Brown Margaret, Ferrari Alessandro, Dodd Anne, Shi Fang, Kolachala Vasantha L, Kugathasan Subra, Wolfinger Russell D, Gibson Greg
bioRxiv. 2025 Jul 25:2025.07.25.666784. doi: 10.1101/2025.07.25.666784.
Single cell multi-omic investigation opens-up new opportunities to understand mechanisms of gene regulation. Existing methods for inferring transcript abundance from chromatin accessibility fail to prioritize the most relevant peaks and tend to assume positive associations between ATAC peaks and RNA counts. We hypothesize that gene regulation can be modeled as a function of combined positive and negative interactions among peaks and that causal regulatory variants are enriched in the vicinity of the most critical peaks.
A machine learning pipeline leveraging single nuclear multiomic transcriptome and chromatin accessibility data is developed to model gene expression as a function of ATAC peak intensity. Multiome data was available for 18 immune cell types from 29 donors, 19 with Crohn's disease. The pipeline aggregates results from three machine learning approaches (random forest regression, XGBoost, and Light GBM) as well as linear regression to identify which ATAC peaks contribute to explaining variation among donors and cell types in pseudobulk gene expression. The coefficient of determination with cross-validation was used to identify robust models which typically explain between 5% and 40% of transcript abundance, utilizing on average 47% of the ATAC peaks, representing a significant gain in predictive accuracy. The most important peaks are enriched in GWAS variants for inflammatory bowel disease and the autoimmune disease systemic lupus erythematosus, but not for rheumatoid arthritis.

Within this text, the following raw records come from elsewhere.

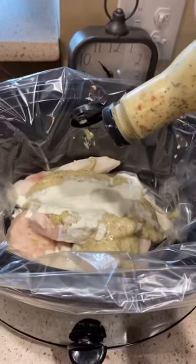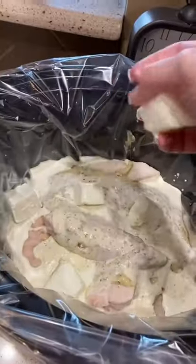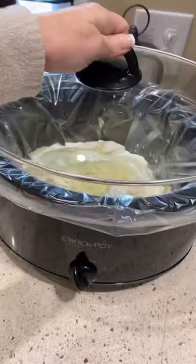Fill that empty bottle back up with whole milk or whipping cream and add it to the top of the Crock-Pot. Cube up a brick of cream cheese and add about a cup of Parmesan shredded cheese.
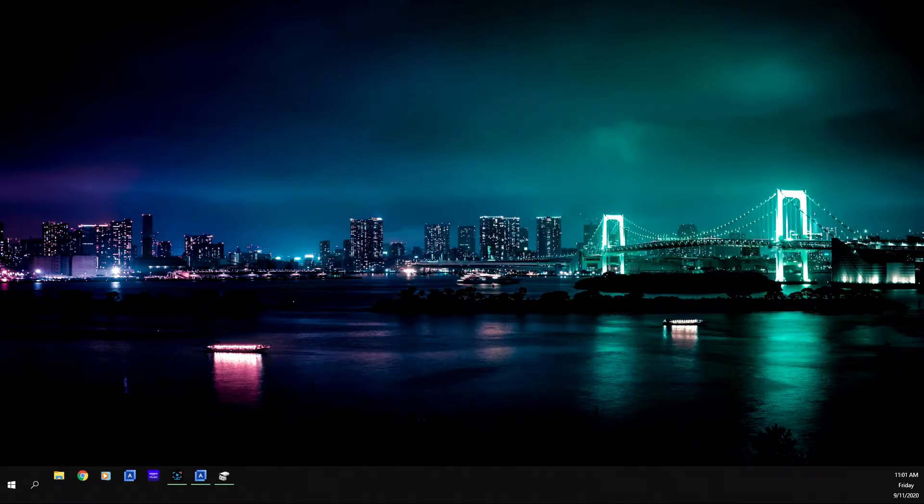Hi YouTubers, this is Superman G coming back at you one more time. I wanted to do a re-edited version of cloning the second NVMe drive — a video I did back in 2019. Now that I have a screen recording program, I don't have to rely on my video camera to capture the steps. This will be as if you have already installed the second NVMe drive inside your computer.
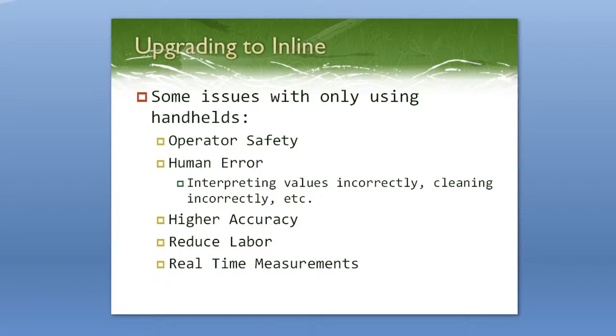Inline refractometers also tend to be a little bit higher accuracy than handheld units. With higher accuracy, you're saving more on material costs. You're also reducing the labor involved, so operators don't have to spend their time measuring samples — they have something doing it for them so they can focus elsewhere. There are also real-time measurements, so if any concentration goes out of spec, you can have it hooked up to a PLC, computer, or alarm system to alert you. It also continuously displays readings so someone can quickly check the display at any time.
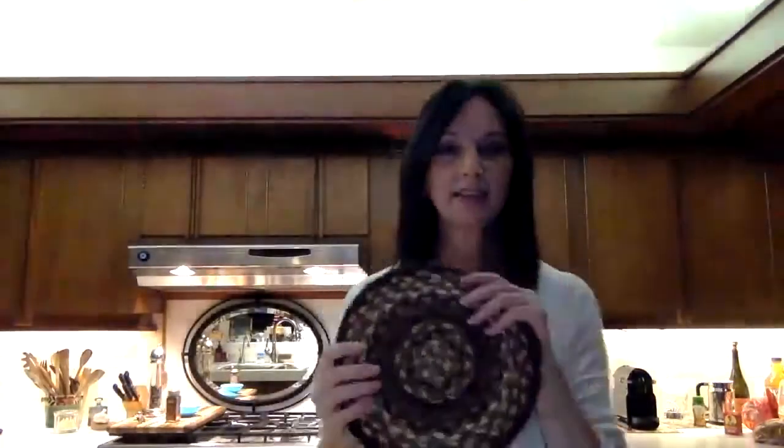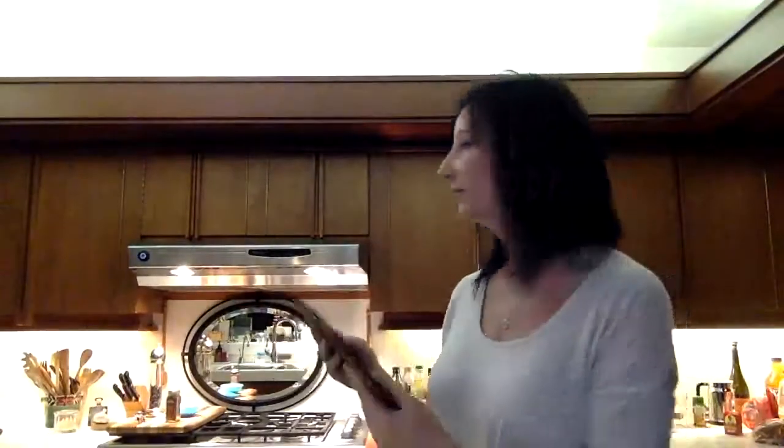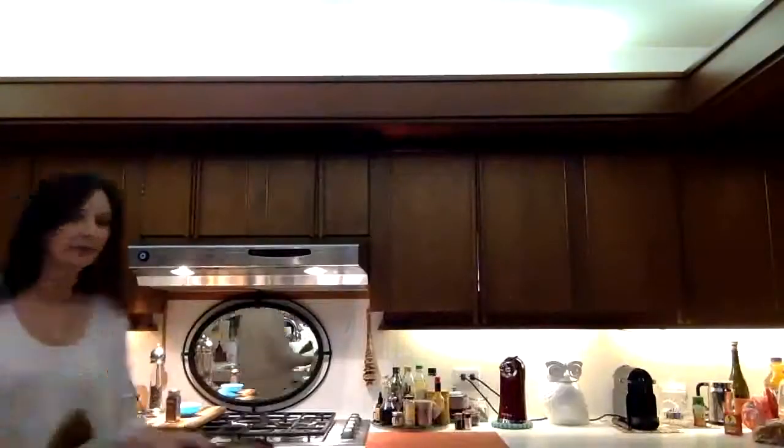Subscribe to the Earth Rugs channel. One of the things I can share with you right now while the beans are cooking is the Earth-friendly trivet. You can hear my microwave. I'm going to take a nice wooden utensil and stir these beans.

Atlanta Plots visualize the proportion of ATAC peaks contributing to a predictive model of gene expression as well as the proportion of variance explained by the model. Software implementing our pipeline, "snATAC-Express", is freely available on GitHub.
单细胞多组学研究为理解基因调控机制带来了新机遇。现有的从染色质可及性推断转录本丰度的方法未能对最相关的峰进行优先级排序,并且倾向于假设ATAC峰与RNA计数之间存在正相关。我们假设基因调控可以建模为峰之间正负相互作用组合的函数,并且因果调控变异在最关键峰的附近富集。

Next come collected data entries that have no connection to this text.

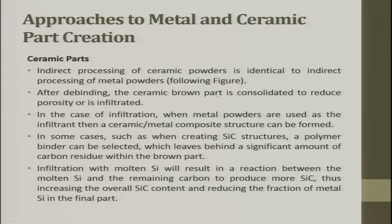After debinding, the ceramic brown part is consolidated to reduce porosity and is infiltrated. Infiltration can be done by positive pressure or negative pressure — vacuum can be applied to suck the material in, or you pressurize the liquid material to flow. When metal powders are used as the infiltrant, a ceramic-metal composite structure can be formed. For example, when creating SiC structures, a polymer binder that leaves behind significant carbon residue is selected. Infiltration with molten silicon causes a reaction between silicon and carbon to produce SiC, increasing the overall SiC content.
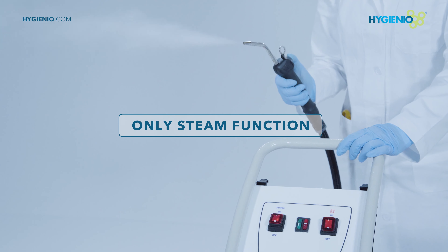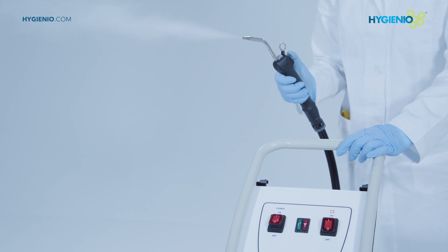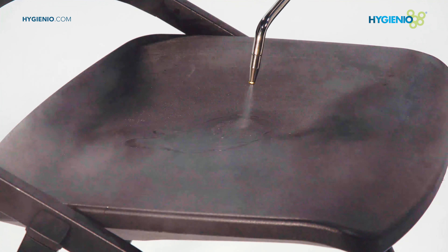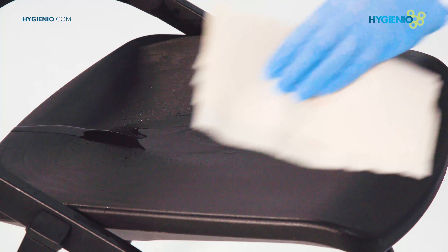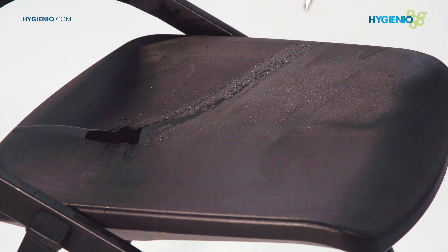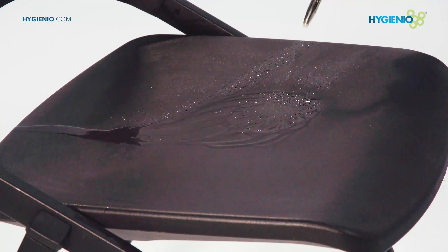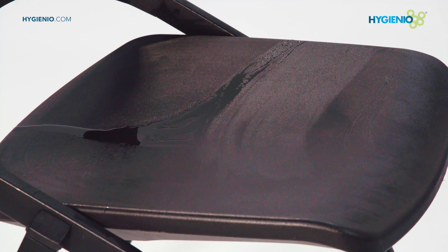Steam-only function. This optional function can be useful for a cleaning and deterging phase. In this phase, a short distance from the surface — 5 to 10 centimeters — can be maintained. This can cause excessive water residue; dry if necessary.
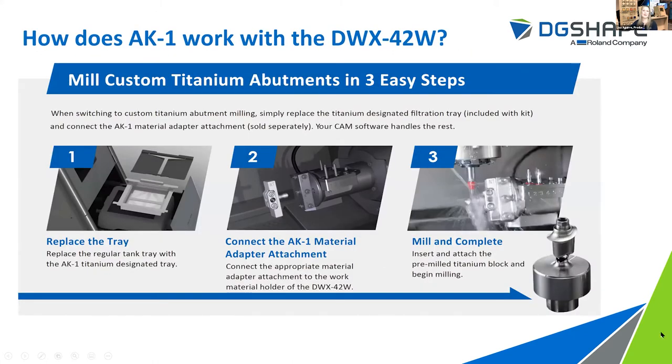So how does the AK1 work? It's actually pretty simple. You're going to scan and design. From there, you're going to replace the receptacle tray with the special filter tray. After that, you're going to nest it into your CAM system, then connect the AK1 material attachment adapter, connect your pre-mill titanium blank, and then you're going to mill and complete. At the end, you're going to have this great, beautiful, nice-looking custom titanium abutment.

开发了一种利用单核多组学转录组和染色质可及性数据的机器学习流程,将基因表达建模为ATAC峰强度的函数。来自29名供体的18种免疫细胞类型有多组学数据,其中19名患有克罗恩病。该流程汇总了三种机器学习方法(随机森林回归、XGBoost和Light GBM)以及线性回归的结果,以确定哪些ATAC峰有助于解释伪批量基因表达中供体和细胞类型之间的差异。使用交叉验证的决定系数来识别稳健的模型,这些模型通常可以解释5%至40%的转录本丰度,平均利用47%的ATAC峰,这代表预测准确性有显著提高。最重要的峰在炎症性肠病和自身免疫性疾病系统性红斑狼疮的全基因组关联研究(GWAS)变异中富集,但在类风湿性关节炎中未富集。
亚特兰大图可视化了对基因表达预测模型有贡献的ATAC峰的比例以及模型解释的方差比例。实现我们流程的软件“snATAC-Express”可在GitHub上免费获取。